(Beginning of DATA SECTION)
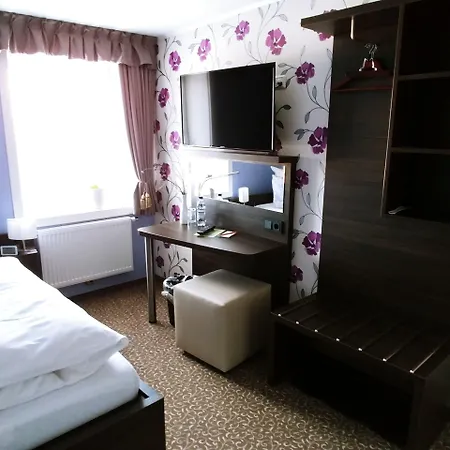 Hotell Alte Brennerei 3*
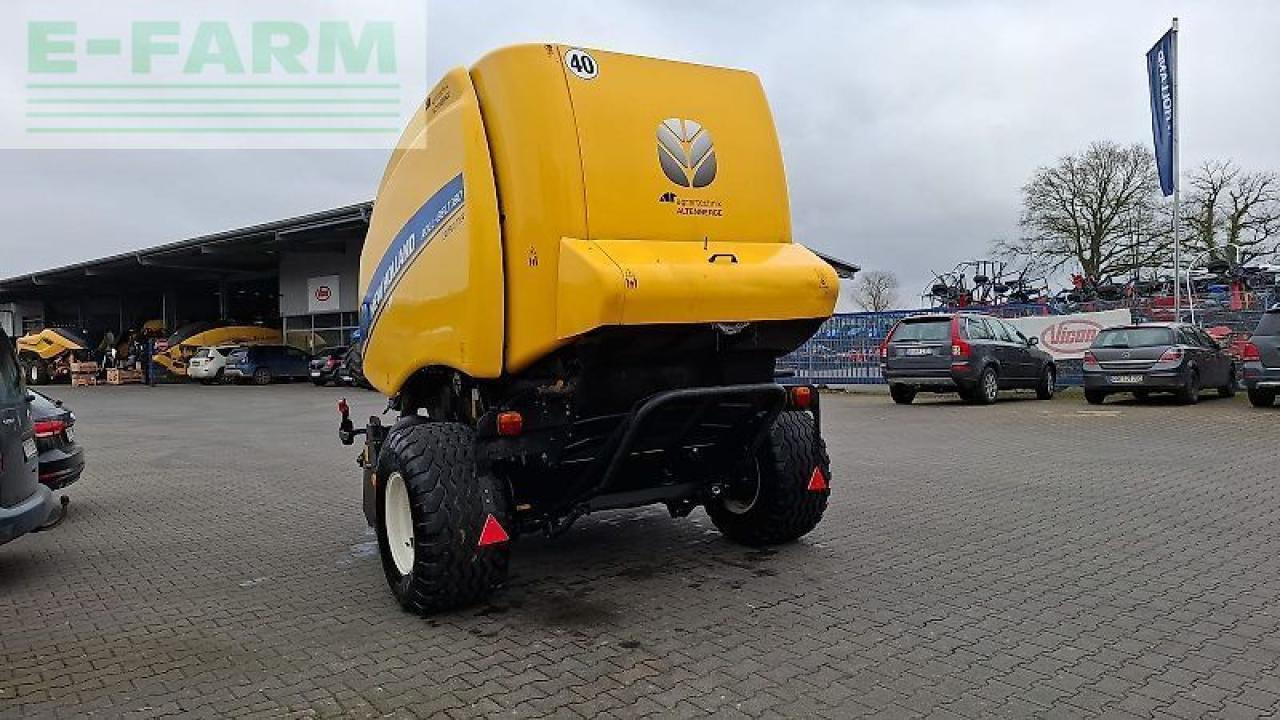 New Holland rb 180 - Fyrkantspress: bild 4 New Holland rb 180 - Fyrkantspress: bild 4
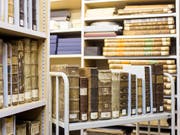 Das Wissen aus vergangenen Jahrhunderten online statt zwischen Buchdeckeln: Zahlreiche Schriften aus dem 18. und 19. Jahrhundert der Zentralbibliothek Zürich werden digitalisiert. (Bild: KEYSTONE/ALEXANDRA WEY)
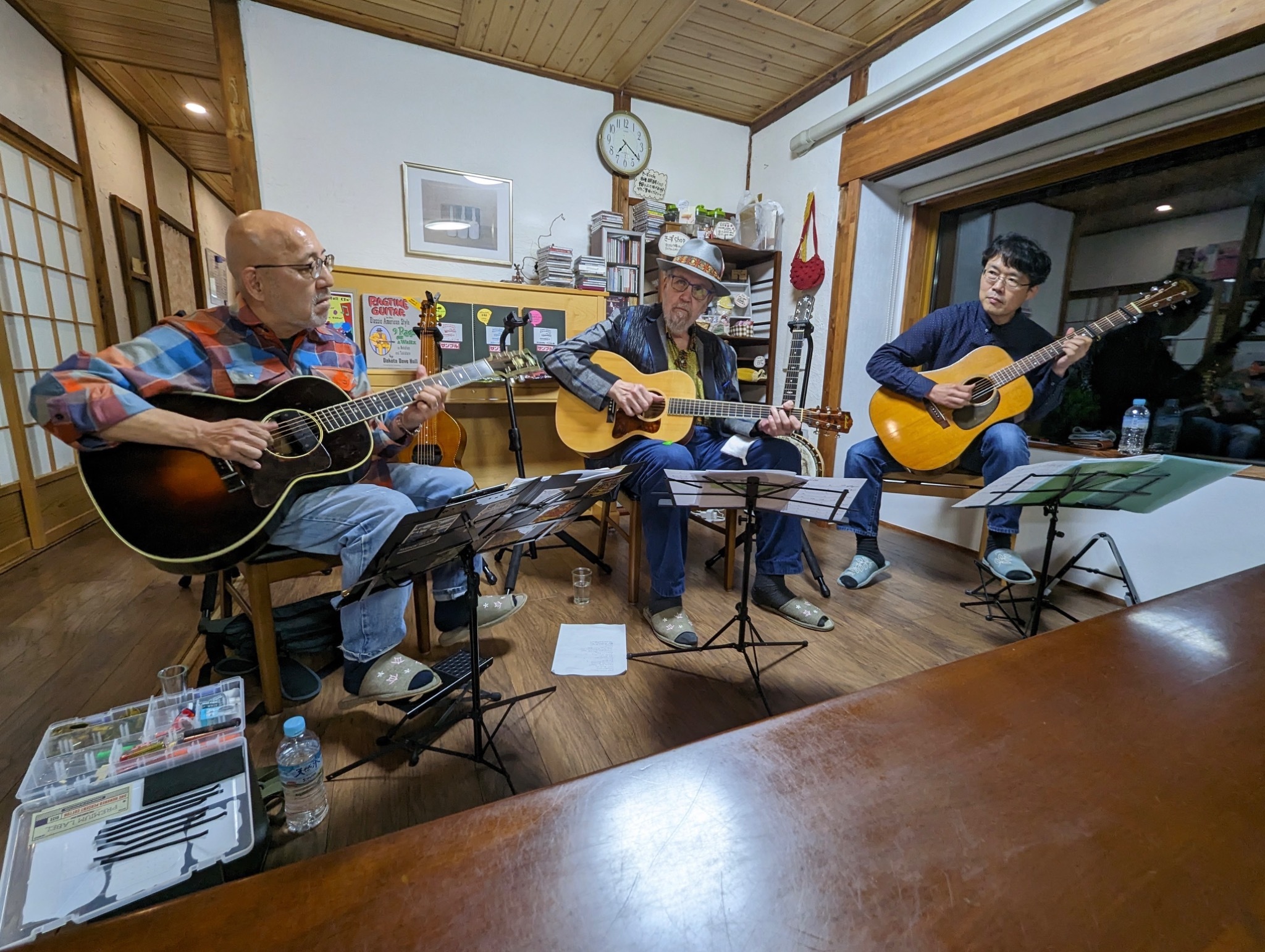 カフェでのライブ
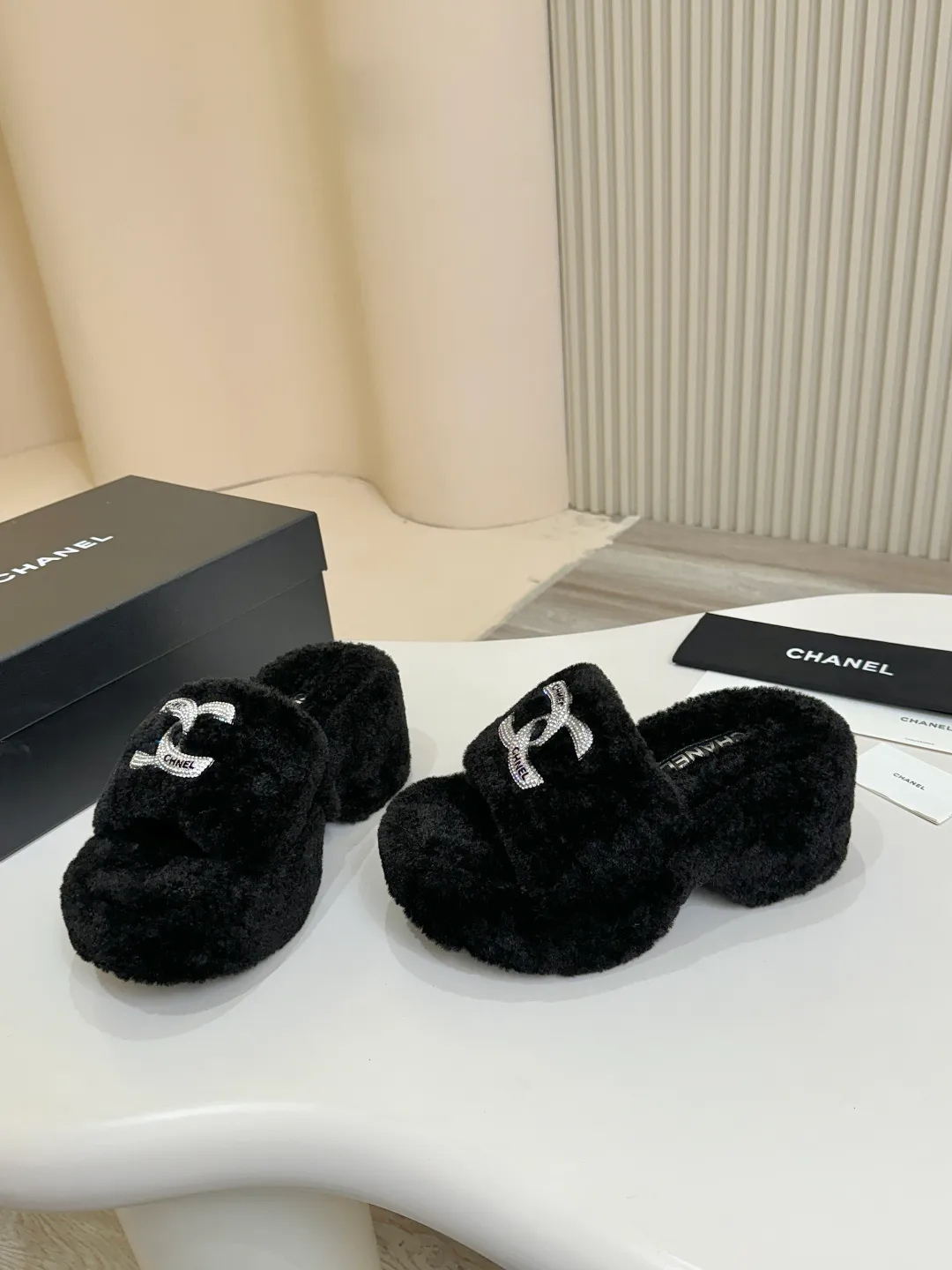 👟👟Ex-factory price 480👟👟 Chanel CHANEL thick-soled fur flip flops｜Finally waited for this pair of celebrity show style same style🧚♀️ The upper is covered with soft and waxy lamb wool, with classic double C diamond buckle👟👟The texture is full of texture. As soon as you put it on, your sense of luxury will instantly soar. The inner lamb wool fabric is as comfortable as stepping on clouds☁️ Thickened rubber soles, 8cm at the heel, 6.5cm at the forefoot, with raised bars, easy to wear with long legs~ The wedge heel design is super easy to walk, lazy and fashionable. It is very elegant for daily outings and date wear. It is a must-have and versatile artifact for this autumn and winter, waiting for you~ #chanel slippers #Celebrity Style #Advanced Wearing Fabric: Lamb 🐑 Wool Lining: Lamb 🐑 Wool Feet: lamb 🐑 hair Outsole: wear-resistant and non-slip rubber outsole Size: 35–40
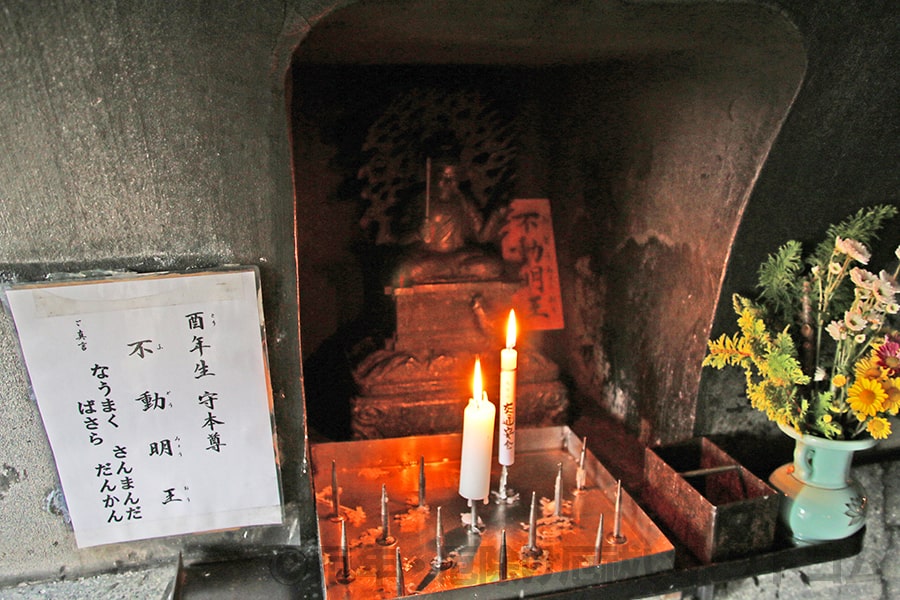 成田山大阪別院明王院 奥の院内の不動明王像の様子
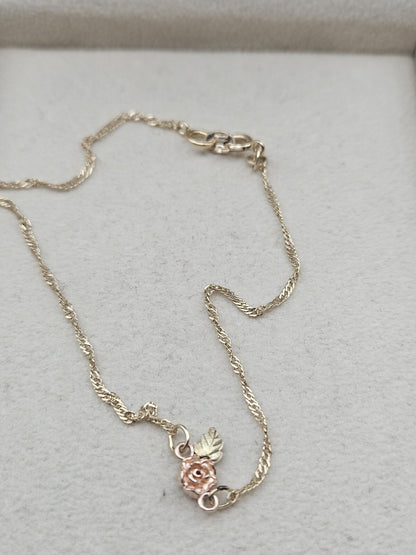 Ladies 14k Two-Tone Single Rose Bracelet Size 9.4" 1.5 Grams vintage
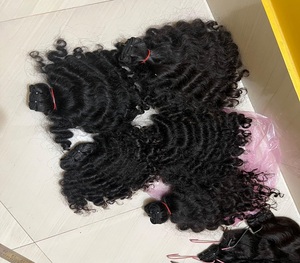 Extensiones de Cabello Humano Natural Negro Rizado Profundo, Voluminosas y con Rizos Apurados, Paquetes de Cabello Virgen de Textura Suave para Uso en Salones de Belleza - Product Image 2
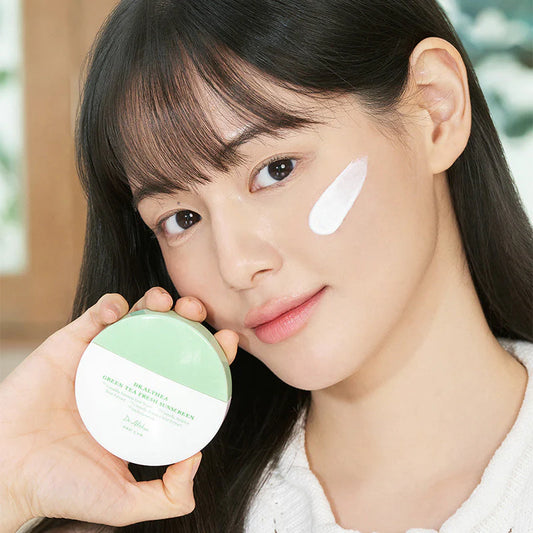 Dr. Althea Green Tea Fresh Sunscreen - Lehký zklidňující krém se zeleným čajem a s UV ochranou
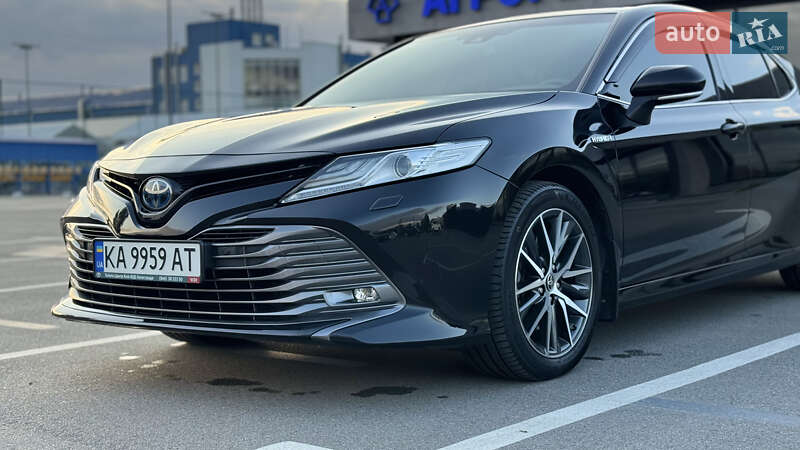 Седан Toyota Camry 2020 в Киеве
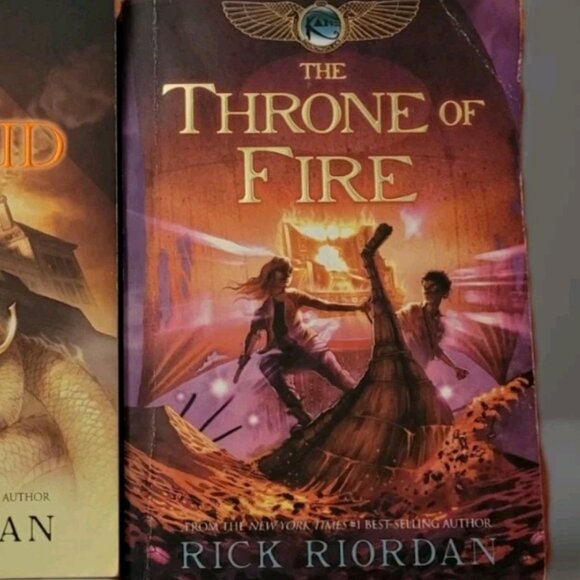 (2) Rick Riordan Books. Kane Chronicles - Picture 3 of 3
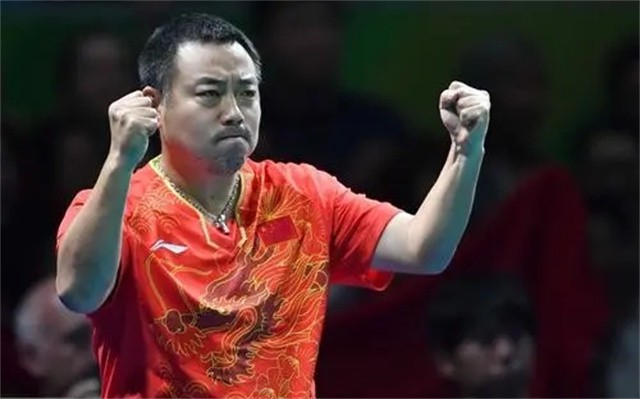 前乒乓球教练刘国梁现在干啥了,国乒教练刘国梁回归天团回忆往事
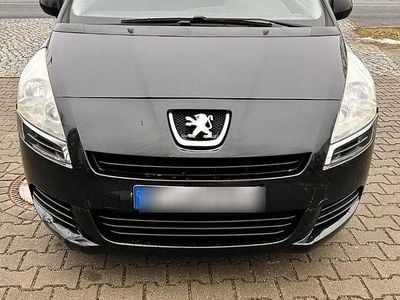 Schwarz Gebraucht 2012 Peugeot 5008 Van / Kleinbus | 2.100 €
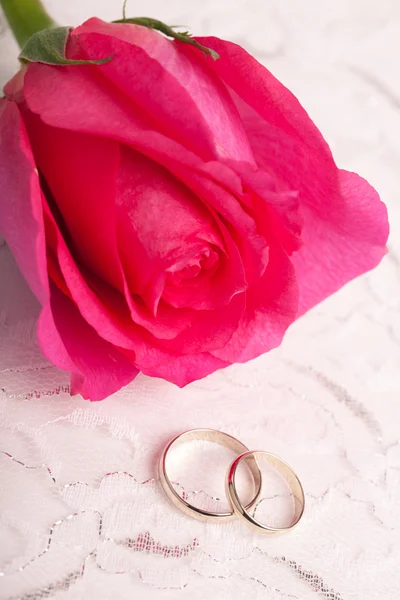 Anéis de casamento de ouro e rosa rosa — Fotografia de Stock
(End of DATA SECTION)
EXERCISE DETAILS: For this copy, leave pictures out and reproduce the lines from the one bearing "outsole Size: 35–40" through the final line of the listing above, both ends included.

THE ANSWER:
 👟👟Ex-factory price 480👟👟 Chanel CHANEL thick-soled fur flip flops｜Finally waited for this pair of celebrity show style same style🧚♀️ The upper is covered with soft and waxy lamb wool, with classic double C diamond buckle👟👟The texture is full of texture. As soon as you put it on, your sense of luxury will instantly soar. The inner lamb wool fabric is as comfortable as stepping on clouds☁️ Thickened rubber soles, 8cm at the heel, 6.5cm at the forefoot, with raised bars, easy to wear with long legs~ The wedge heel design is super easy to walk, lazy and fashionable. It is very elegant for daily outings and date wear. It is a must-have and versatile artifact for this autumn and winter, waiting for you~ #chanel slippers #Celebrity Style #Advanced Wearing Fabric: Lamb 🐑 Wool Lining: Lamb 🐑 Wool Feet: lamb 🐑 hair Outsole: wear-resistant and non-slip rubber outsole Size: 35–40
 成田山大阪別院明王院 奥の院内の不動明王像の様子
 Ladies 14k Two-Tone Single Rose Bracelet Size 9.4" 1.5 Grams vintage
 Extensiones de Cabello Humano Natural Negro Rizado Profundo, Voluminosas y con Rizos Apurados, Paquetes de Cabello Virgen de Textura Suave para Uso en Salones de Belleza - Product Image 2
 Dr. Althea Green Tea Fresh Sunscreen - Lehký zklidňující krém se zeleným čajem a s UV ochranou
 Седан Toyota Camry 2020 в Киеве
 (2) Rick Riordan Books. Kane Chronicles - Picture 3 of 3
 前乒乓球教练刘国梁现在干啥了,国乒教练刘国梁回归天团回忆往事
 Schwarz Gebraucht 2012 Peugeot 5008 Van / Kleinbus | 2.100 €
 Anéis de casamento de ouro e rosa rosa — Fotografia de Stock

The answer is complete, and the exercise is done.